The doomed, demented attempts to build a Wizard of Oz theme park

L Frank Baum’s dreams of bringing his creation to life went up in flames. But will Wicked revive plans for a real-life Land of Oz?

Down the Yellow Brick Road: a scene from The Wizard of Oz, 1939
Down the Yellow Brick Road: a scene from The Wizard of Oz, 1939 Credit: Moviestore Collection Ltd / Alamy Stock Photo

Imagine that you are L Frank Baum, creator of The Wizard of Oz and countless other novels, short stories, poems and scripts, and that it is 1905. You are no longer satisfied merely with the financial success that your books have brought you and so you decide to purchase nothing less than your own private island, which you will then turn into a real-life Land of Oz. This would then be ruled over by your very own Dorothy, complete with an all-child ruling council. And Prospero-like, you’d cast away yourself on the island.

Written down, it sounds barking mad. But then the whole idea of the Wizard of Oz – a perennially popular children’s narrative that dares to touch on ideas of depression, mental illness and split personality and does so with ahead-of-its-time verve – has always been a story that defies conventional expectation. As the latest spin-off picture, the musical prequel Wicked, opens in cinemas this weekend, it might not live up to the seminal 1939 film The Wizard of Oz – this newspaper’s Robbie Collin sighed that the new picture has “all the buoyancy of a grand piano being heaved off the roof of St Paul’s Cathedral” – but, thanks to its being based on a long-running show, it will undoubtedly be a huge box office hit.

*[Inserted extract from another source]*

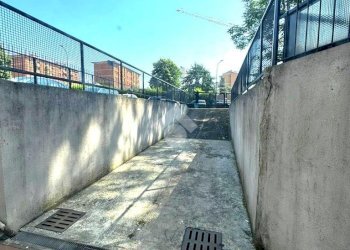 Ufficio via Inverigo, Milano - foto 5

Assuming that it has the success that its makers anticipate (and given that part two is coming next year, it had better be), there will inevitably be talk about spin-offs that can further monetise the Oz brand. Somewhere in this talk will be discussion about a potential theme park, putting Baum’s Land of Oz idea into the realm of reality. It might work. But potential investors would be wise to heed the fate of past attempts to conjure Oz on earth.

When Baum published The Wonderful Wizard of Oz in 1900, it not only made him both wealthy and successful, but it also licensed him to pursue avenues and ideas that few other writers would have dared to contemplate. The concept of the Land of Oz was particularly bold and innovative. Five decades before Disneyland would open in California, Baum had anticipated a popular desire for a souped-up fairground attraction, and his would be dedicated wholly to the products of his literary imagination.

In an interview with a Chicago newspaper, Baum expounded on his scheme with gusto. The island he had in mind, Pedloe Island, was situated off the coast of California. Once the purchase was completed, Baum would turn it into “a fairy paradise for children”. It would be decorated with statues of the characters from his books, including the Scarecrow, the Tin Man (or Tin Woodman as Baum referred to him) and Jack Pumpkinhead, who didn’t appear in the film of The Wizard of Oz. (Pumpkinhead would have to wait until 1969’s The Wonderful Land of Oz for his moment in the sun.)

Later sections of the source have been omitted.